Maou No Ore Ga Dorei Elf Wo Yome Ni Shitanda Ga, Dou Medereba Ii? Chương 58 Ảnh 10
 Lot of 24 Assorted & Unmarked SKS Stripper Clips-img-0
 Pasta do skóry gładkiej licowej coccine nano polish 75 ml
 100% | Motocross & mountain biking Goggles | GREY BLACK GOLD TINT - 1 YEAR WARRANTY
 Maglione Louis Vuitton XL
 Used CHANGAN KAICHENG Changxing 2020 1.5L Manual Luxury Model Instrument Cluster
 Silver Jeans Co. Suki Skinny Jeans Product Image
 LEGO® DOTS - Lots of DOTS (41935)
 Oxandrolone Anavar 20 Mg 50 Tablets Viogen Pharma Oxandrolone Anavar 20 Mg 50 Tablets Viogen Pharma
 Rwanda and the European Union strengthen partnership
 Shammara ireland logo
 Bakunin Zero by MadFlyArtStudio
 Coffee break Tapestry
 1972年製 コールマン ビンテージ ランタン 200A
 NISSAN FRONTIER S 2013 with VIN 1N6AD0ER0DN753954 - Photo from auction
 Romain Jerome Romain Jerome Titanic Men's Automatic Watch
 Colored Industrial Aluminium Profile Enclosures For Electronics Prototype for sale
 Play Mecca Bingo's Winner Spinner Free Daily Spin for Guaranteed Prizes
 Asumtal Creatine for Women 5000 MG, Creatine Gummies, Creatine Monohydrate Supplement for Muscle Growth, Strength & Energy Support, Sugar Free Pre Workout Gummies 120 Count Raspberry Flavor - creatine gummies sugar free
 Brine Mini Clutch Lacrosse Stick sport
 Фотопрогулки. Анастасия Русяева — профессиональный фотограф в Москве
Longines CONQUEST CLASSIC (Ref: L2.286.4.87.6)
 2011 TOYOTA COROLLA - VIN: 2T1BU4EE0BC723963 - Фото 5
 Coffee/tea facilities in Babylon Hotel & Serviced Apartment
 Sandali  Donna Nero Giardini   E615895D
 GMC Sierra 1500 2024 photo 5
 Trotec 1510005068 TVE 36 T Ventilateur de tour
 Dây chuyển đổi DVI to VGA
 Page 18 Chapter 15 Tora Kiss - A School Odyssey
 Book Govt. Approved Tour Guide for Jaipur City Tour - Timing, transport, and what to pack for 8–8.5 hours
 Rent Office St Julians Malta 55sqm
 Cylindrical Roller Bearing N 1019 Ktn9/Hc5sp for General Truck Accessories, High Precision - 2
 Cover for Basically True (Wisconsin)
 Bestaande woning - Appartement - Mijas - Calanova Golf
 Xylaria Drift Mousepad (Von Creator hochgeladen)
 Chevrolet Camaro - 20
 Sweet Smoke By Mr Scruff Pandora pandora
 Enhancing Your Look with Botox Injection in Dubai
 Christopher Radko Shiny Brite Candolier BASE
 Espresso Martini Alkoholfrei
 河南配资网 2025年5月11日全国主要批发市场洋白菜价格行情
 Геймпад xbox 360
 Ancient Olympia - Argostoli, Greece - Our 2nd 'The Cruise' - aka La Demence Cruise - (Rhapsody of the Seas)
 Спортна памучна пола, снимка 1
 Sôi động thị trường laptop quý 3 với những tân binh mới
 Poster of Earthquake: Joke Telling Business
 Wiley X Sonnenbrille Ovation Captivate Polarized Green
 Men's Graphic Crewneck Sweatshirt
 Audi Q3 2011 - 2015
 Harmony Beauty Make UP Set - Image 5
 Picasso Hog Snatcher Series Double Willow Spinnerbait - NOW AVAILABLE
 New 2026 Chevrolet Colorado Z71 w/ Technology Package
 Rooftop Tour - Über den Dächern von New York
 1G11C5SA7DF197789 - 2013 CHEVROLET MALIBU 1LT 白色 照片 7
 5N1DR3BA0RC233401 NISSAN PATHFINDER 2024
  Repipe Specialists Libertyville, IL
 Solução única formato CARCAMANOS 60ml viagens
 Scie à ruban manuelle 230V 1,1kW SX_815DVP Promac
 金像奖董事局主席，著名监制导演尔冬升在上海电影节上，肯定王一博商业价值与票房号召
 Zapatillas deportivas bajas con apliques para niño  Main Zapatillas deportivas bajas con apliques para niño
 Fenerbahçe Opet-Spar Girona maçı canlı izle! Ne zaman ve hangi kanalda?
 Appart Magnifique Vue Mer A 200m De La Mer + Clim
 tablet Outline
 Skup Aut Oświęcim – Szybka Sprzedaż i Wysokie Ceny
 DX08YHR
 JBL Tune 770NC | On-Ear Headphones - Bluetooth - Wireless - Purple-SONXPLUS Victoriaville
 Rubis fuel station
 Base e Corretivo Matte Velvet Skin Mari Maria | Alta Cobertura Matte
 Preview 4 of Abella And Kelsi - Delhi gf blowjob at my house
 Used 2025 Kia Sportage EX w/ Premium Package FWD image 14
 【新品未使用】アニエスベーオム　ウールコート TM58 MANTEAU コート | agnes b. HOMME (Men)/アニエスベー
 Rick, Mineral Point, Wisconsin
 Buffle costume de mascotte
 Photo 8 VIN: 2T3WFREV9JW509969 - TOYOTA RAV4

*****

### What to produce:
Give back the records word for word. Start at the first line, end at the line containing "Chevrolet Camaro - 20", and include both.

### Worked solution:
Maou No Ore Ga Dorei Elf Wo Yome Ni Shitanda Ga, Dou Medereba Ii? Chương 58 Ảnh 10
 Lot of 24 Assorted & Unmarked SKS Stripper Clips-img-0
 Pasta do skóry gładkiej licowej coccine nano polish 75 ml
 100% | Motocross & mountain biking Goggles | GREY BLACK GOLD TINT - 1 YEAR WARRANTY
 Maglione Louis Vuitton XL
 Used CHANGAN KAICHENG Changxing 2020 1.5L Manual Luxury Model Instrument Cluster
 Silver Jeans Co. Suki Skinny Jeans Product Image
 LEGO® DOTS - Lots of DOTS (41935)
 Oxandrolone Anavar 20 Mg 50 Tablets Viogen Pharma Oxandrolone Anavar 20 Mg 50 Tablets Viogen Pharma
 Rwanda and the European Union strengthen partnership
 Shammara ireland logo
 Bakunin Zero by MadFlyArtStudio
 Coffee break Tapestry
 1972年製 コールマン ビンテージ ランタン 200A
 NISSAN FRONTIER S 2013 with VIN 1N6AD0ER0DN753954 - Photo from auction
 Romain Jerome Romain Jerome Titanic Men's Automatic Watch
 Colored Industrial Aluminium Profile Enclosures For Electronics Prototype for sale
 Play Mecca Bingo's Winner Spinner Free Daily Spin for Guaranteed Prizes
 Asumtal Creatine for Women 5000 MG, Creatine Gummies, Creatine Monohydrate Supplement for Muscle Growth, Strength & Energy Support, Sugar Free Pre Workout Gummies 120 Count Raspberry Flavor - creatine gummies sugar free
 Brine Mini Clutch Lacrosse Stick sport
 Фотопрогулки. Анастасия Русяева — профессиональный фотограф в Москве
Longines CONQUEST CLASSIC (Ref: L2.286.4.87.6)
 2011 TOYOTA COROLLA - VIN: 2T1BU4EE0BC723963 - Фото 5
 Coffee/tea facilities in Babylon Hotel & Serviced Apartment
 Sandali  Donna Nero Giardini   E615895D
 GMC Sierra 1500 2024 photo 5
 Trotec 1510005068 TVE 36 T Ventilateur de tour
 Dây chuyển đổi DVI to VGA
 Page 18 Chapter 15 Tora Kiss - A School Odyssey
 Book Govt. Approved Tour Guide for Jaipur City Tour - Timing, transport, and what to pack for 8–8.5 hours
 Rent Office St Julians Malta 55sqm
 Cylindrical Roller Bearing N 1019 Ktn9/Hc5sp for General Truck Accessories, High Precision - 2
 Cover for Basically True (Wisconsin)
 Bestaande woning - Appartement - Mijas - Calanova Golf
 Xylaria Drift Mousepad (Von Creator hochgeladen)
 Chevrolet Camaro - 20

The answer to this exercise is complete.